Аналогичным образом, специфически персидским является употребление Дарием термина, который можно перевести на греческий как «раб», даже при обращении к столь высокопоставленному персу, как сатрап, который вполне мог быть связан с ним по рождению или через брак. Эта ненавистная манера выражаться для греческой аудитории звучала глубоко фальшиво и, вполне возможно, указывает по крайней мере на одну из причин восстания ионийцев и прочих греков против него в 499 г.

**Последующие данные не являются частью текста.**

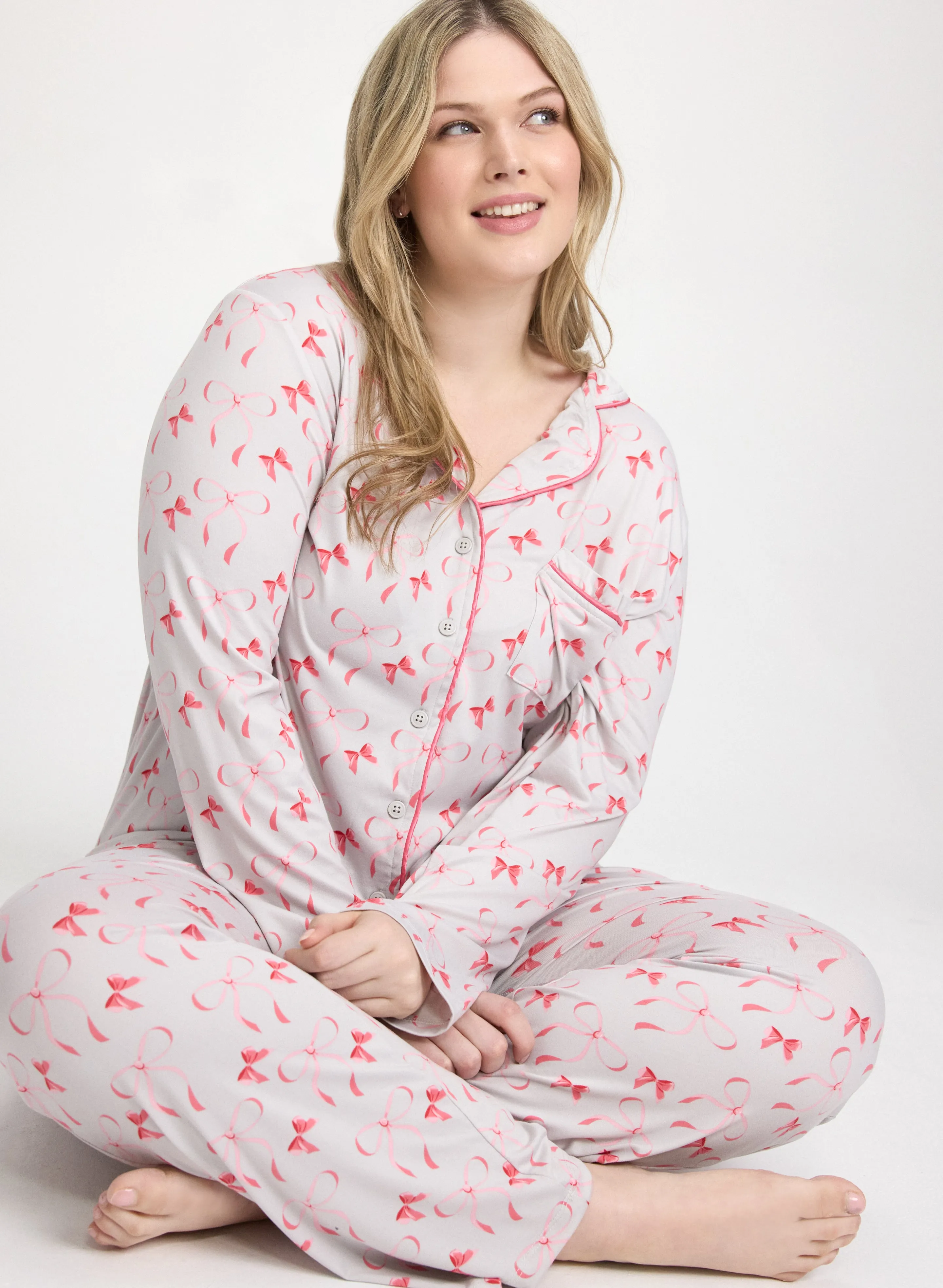 Bow Print Pyjama Set sold by Laura product image thumbnail 2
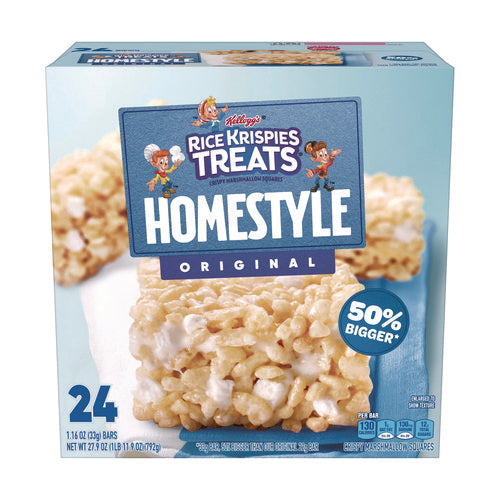 Rice Krispies Treats Homestyle Original Cereal Bar, 1.16 Bar, 24/box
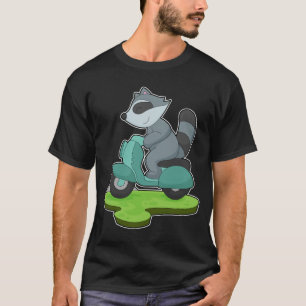 Racoon motorfiets t-shirt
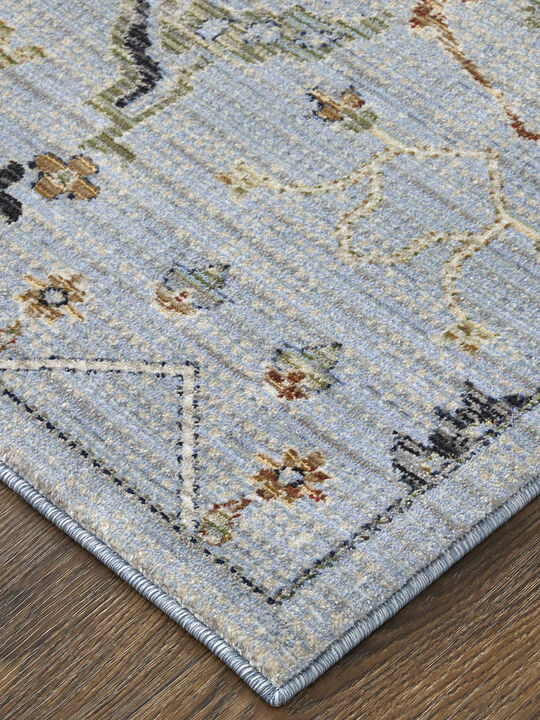 Melrose 39P4F 2' x 3' Blue/Green/Ivory Rug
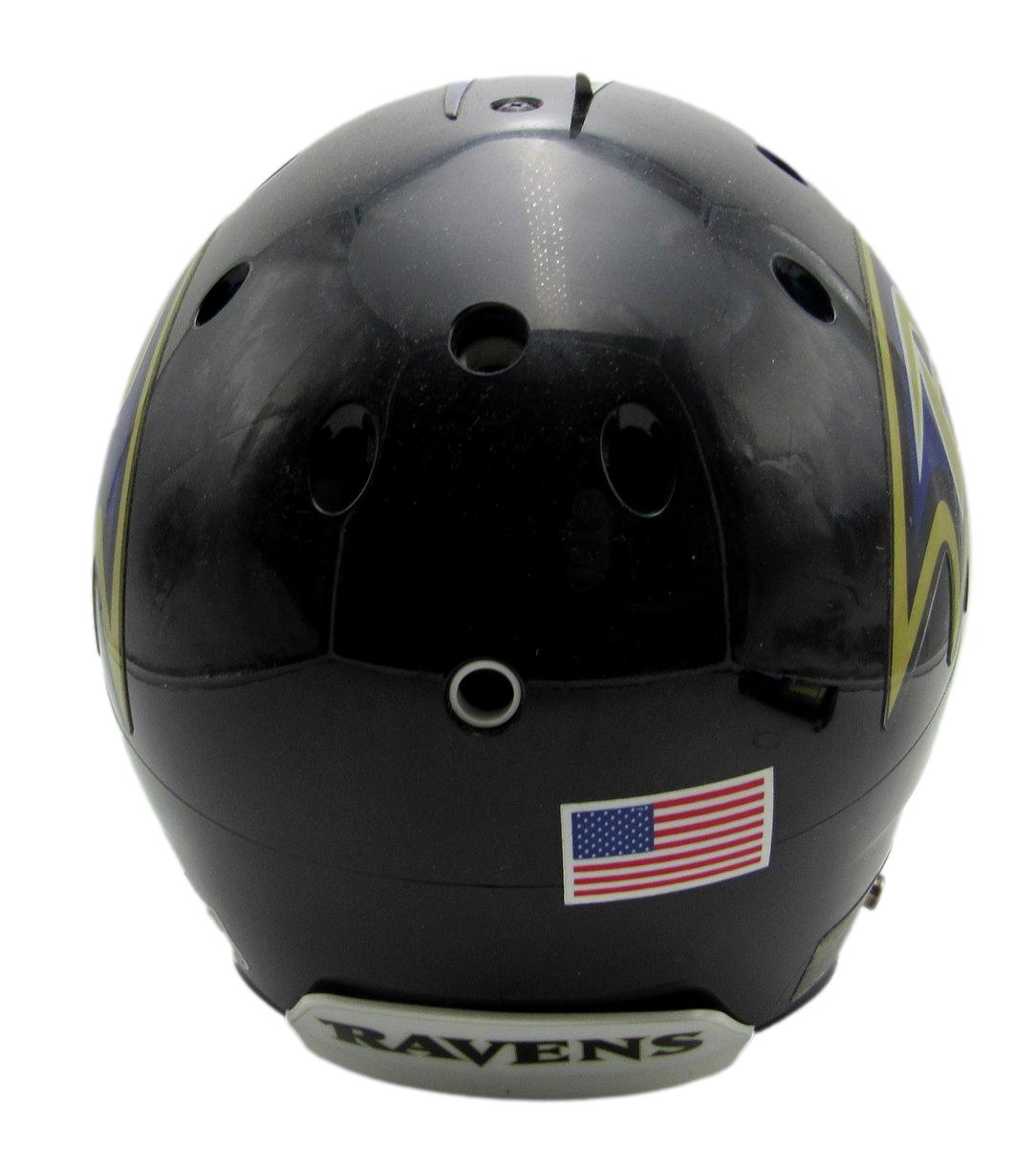 Baltimore Ravens Team Issued Black Full Size Authentic Football Helmet 215287
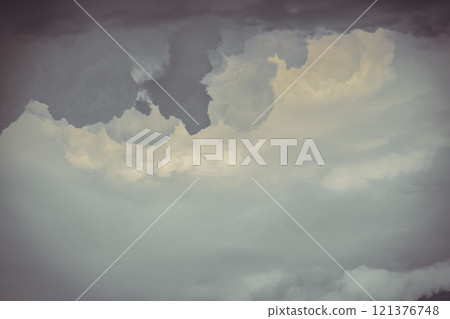 Dramatic clouds with blue sky background before sunset. Dramatic clouds with blue sky background before sunset. 121376748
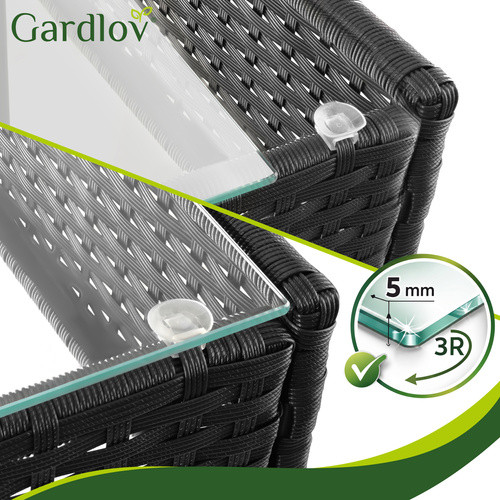Садовая мебель из черного ротанга Gardlov 26908 - Зображення 5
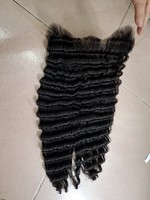 VCHAIRVIETNAM Extension de Cheveux Humains Vierges Brésiliens Cuticules Alignées Vague Profonde Fermeture Frontale Perruque Vietnamienne Brute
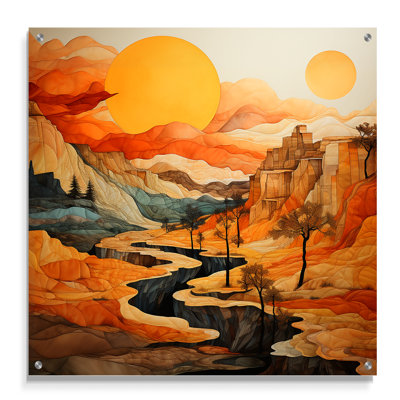 «Bold Landscape Canyon Desert VI - Canyon», art mural en acrylique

Это восстание, подобно восстаниям 521–519 годов, в которых греки не участвовали, было насильственно подавлено. Однако Дарий не просто намеревался удержать в империи то, что унаследовал. Как и Камбиз, он жаждал расширить ее. Как уже отмечалось, в 513 году он направил свою армию из Азии в Европу через Босфорский пролив и установил новую сатрапию во Фракии, или, как она официально называлась, «За(черно)морье». Был заложен фундамент для дальнейших завоеваний на юге Балканского полуострова — иначе говоря, завоевания греков Македонии и регионов к югу. Однако, так ли это видел Дарий в то время — другой вопрос, на который невозможно ответить на основании имеющихся свидетельств.


3.Эллада: эллинский мир в 485 году

Много причин, и притом весьма важных, не позволяет нам так поступить, если бы мы даже пожелали этого…. Предать все это — позор для афинян.

Геродот. История. 8.144

В 492 году, за двадцать лет до первой европейской акции Дария, персидская пасть открылась еще шире — достаточно широко, чтобы проглотить Македонию на краю собственно материковой Греции. Это было прямым следствием события, которое мы пренебрежительно называем «Ионийским восстанием». Этот ярлык вдвойне обманчив, так как мятеж подняли не только греки Ионии. К ним присоединились их собратья, азиатские греки Эолиды к северу, а также Карии и Ликии к югу, и греки с островов у побережья Анатолии. Кроме того, вовсе не только греки восставали против персидских господ в первом десятилетии пятого века до Р.Х. К ним присоединились также ближневосточные соседи греков, включая некоторых из столь далеких на юге мест, как остров Кипр, служащий естественным мостом между Анатолией и Левантом. Однако устоявшаяся терминология по меньшей мере удобна.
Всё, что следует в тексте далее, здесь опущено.